The best Belgian beer rivals, even the best beer in the US when it comes to quality.
Although considered one of the smallest countries in the world, Belgium is quite the giant when it comes to beer production.
This article is an in-depth look at the world of Belgian beers based on feedback from our expert beer connoisseurs.

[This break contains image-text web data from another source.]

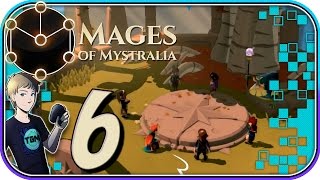 Mages of Mystralia Walkthrough  Part 6 Random Music Game [upl. by Nemraciram]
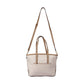 Bi-Tone Handbag with Long Strap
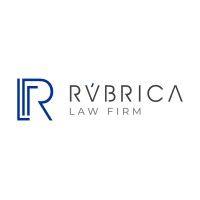 rúbrica law firm logo image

Comparison of the Best Belgian Beers
|Beer Name||Beer Style||Alcohol by Volume (ABV)||Ingredient||Nutritional composition|
|Orval Trappist Ale||Belgian Pale Ale||6.9 percent||Water, barley malt, candi sugar, hops, yeast.||
|Tripel Karmeliet||Belgian Three-grain Tripel||8.4 percent||Water, barley malt, wheat, wheat malt, oat, hop, yeast.||
|Duvel||Belgian Blonde Ale||8.5 percent||Water, yeast, pale barley malts, with Saaz-Saaz, Styrian Golding hops||
|La Chouffe Blonde D’ardene||Belgian Blonde Ale||8 percent||water, yeast, pale barley malt, Saaz-Saaz, Styrian Golding hop varieties||
|Westmalle Dubbel||Belgian Trappist Ale (Dubbel)||7 percent||Water, barley malt, candi sugar, hops, yeast.||
Best Belgian Beers: Any Beer-lover Would Appreciate
From hoppy flavors to dry, crisp finish, Belgian beers are some of the best-tasting beers. Owing to their excellent taste and quality brewing process, Belgium is a strong competitor among the best beer-producing countries.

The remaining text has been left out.